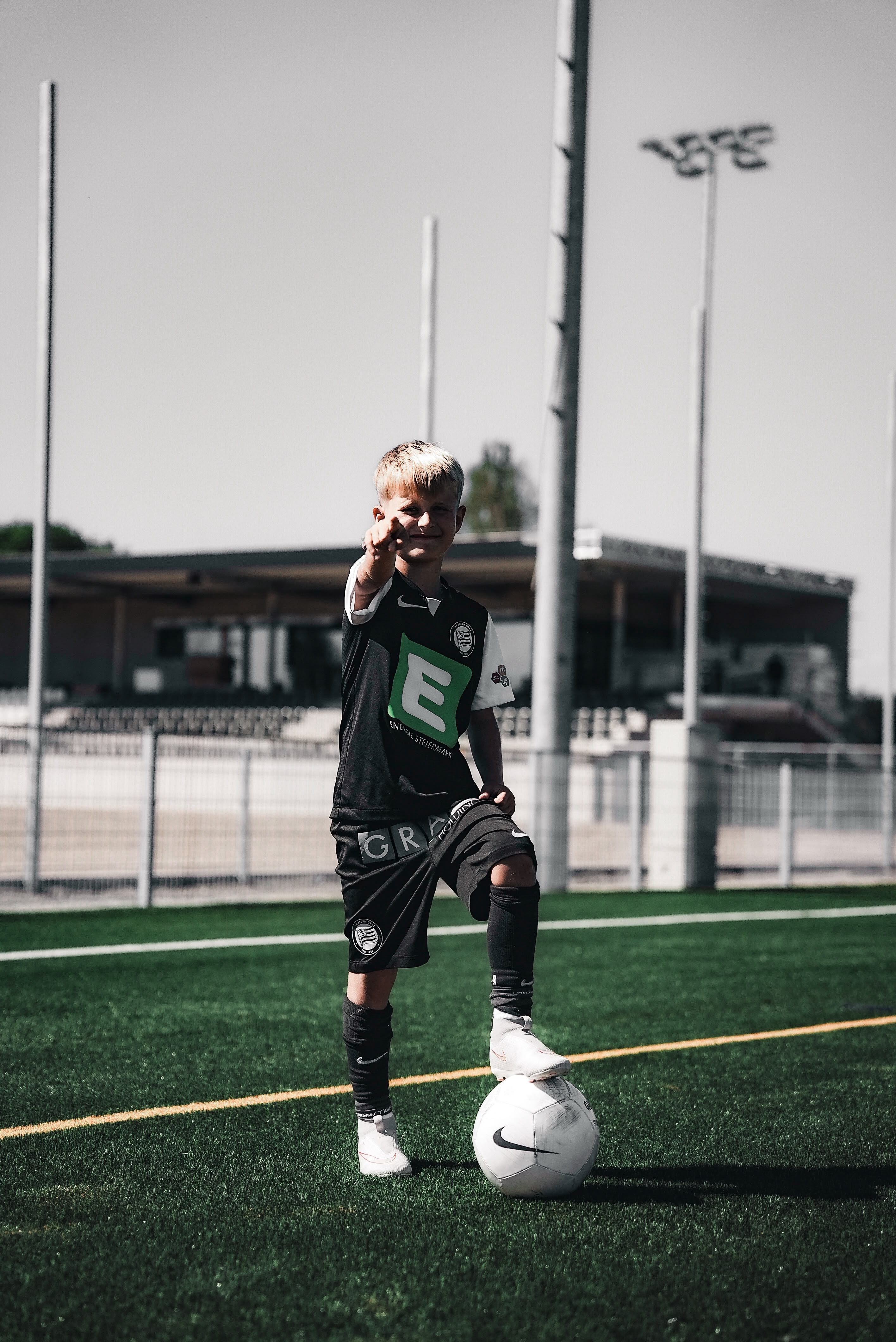 ein Junge mit Ball am Rasen.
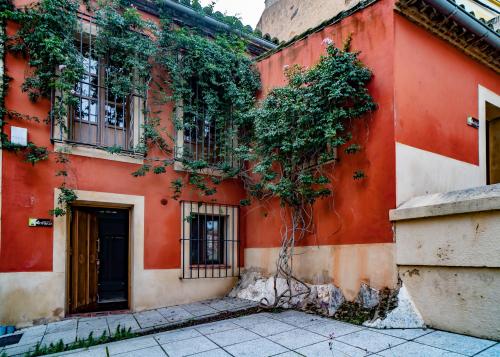 a red building with plants growing on it at Hotel Alfonso IX in Cáceres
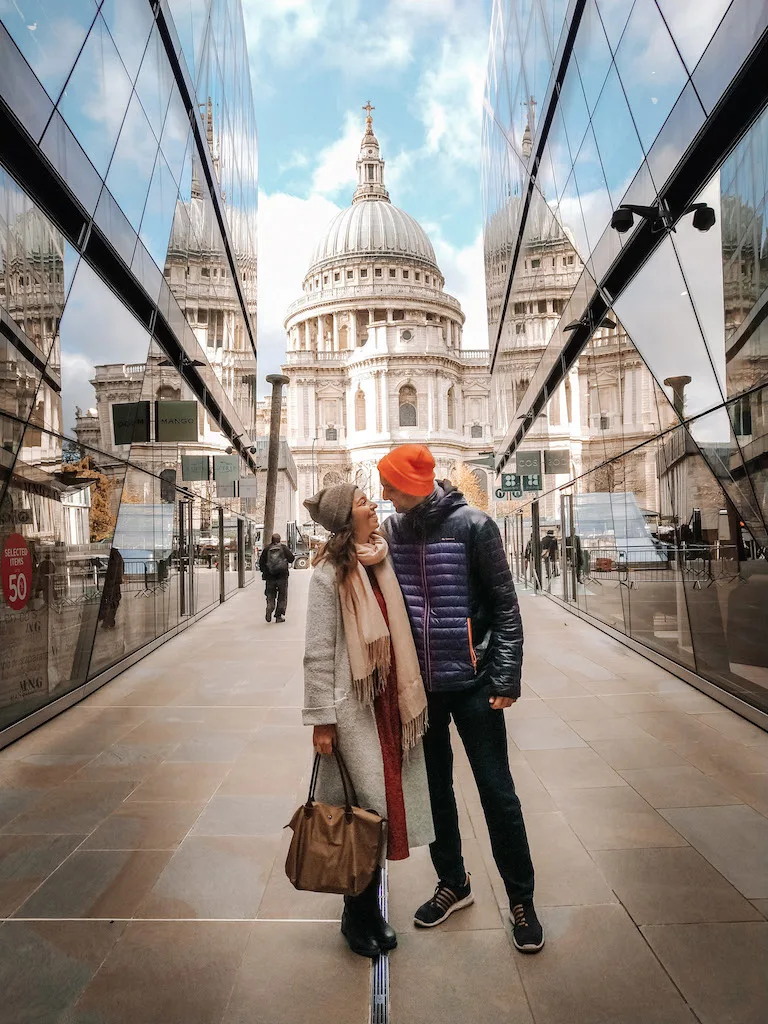 A couple standing in front of the St Paul's Cathedral in London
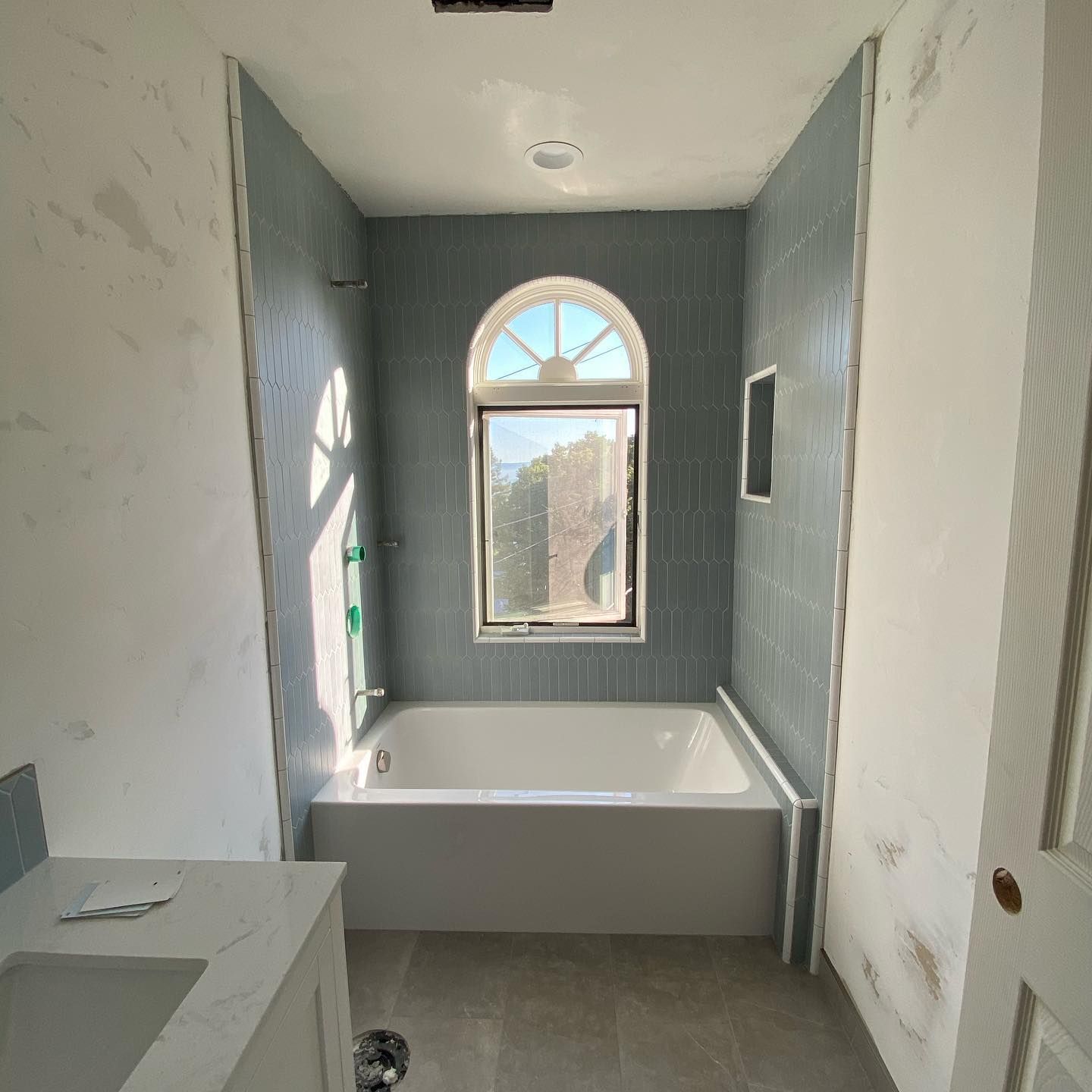A bathroom with a tub , sink , and window.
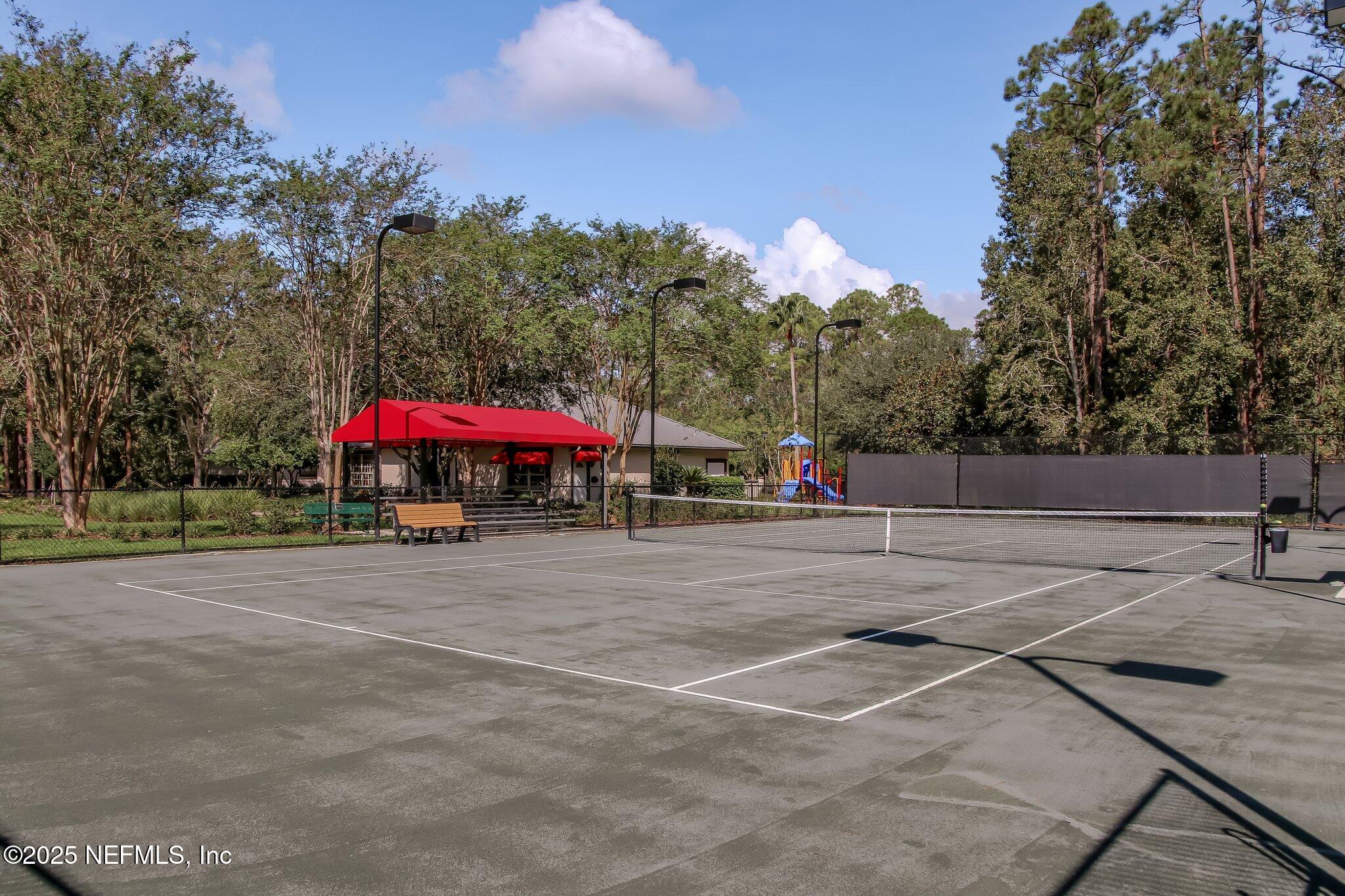 1912 Bluebonnet Way Fleming Island, FL 32003 - Photo 34 of 41 a view of a tennis ground with large trees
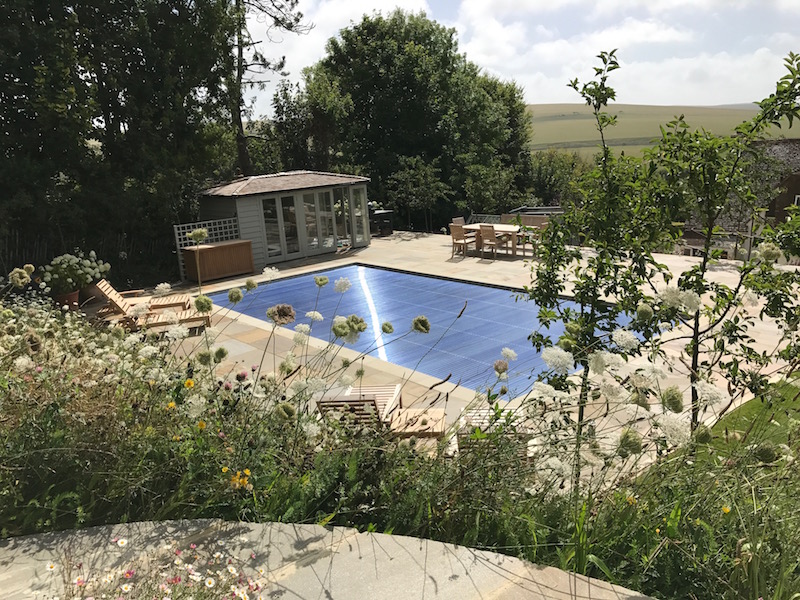 Looking from the top terrace down to the pool in summer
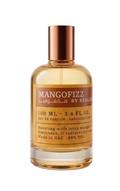 A 100 ml bottle of Mangofizz Eau De Parfum by Stalder, featuring a warm amber liquid, a brown label with gold lettering, and a metallic copper cap, set against a plain white background.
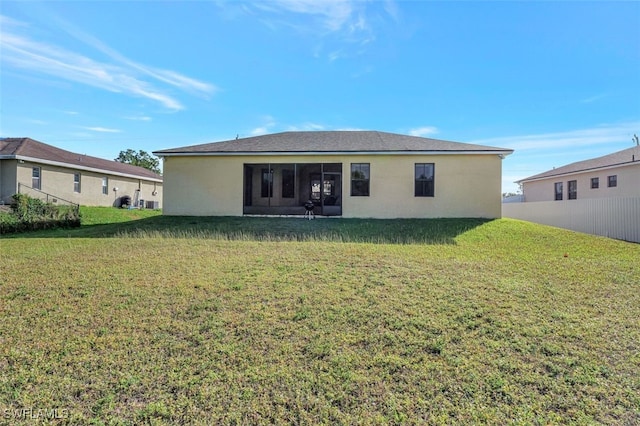 back of property with a lawn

********

Word for word, restate the lines from the line containing "1912 Bluebonnet Way" through the end of the data, including the first and last of them. Pictures stay out.

## WRITTEN RESPONSE:
 1912 Bluebonnet Way Fleming Island, FL 32003 - Photo 34 of 41 a view of a tennis ground with large trees
 Looking from the top terrace down to the pool in summer
 A 100 ml bottle of Mangofizz Eau De Parfum by Stalder, featuring a warm amber liquid, a brown label with gold lettering, and a metallic copper cap, set against a plain white background.
 back of property with a lawn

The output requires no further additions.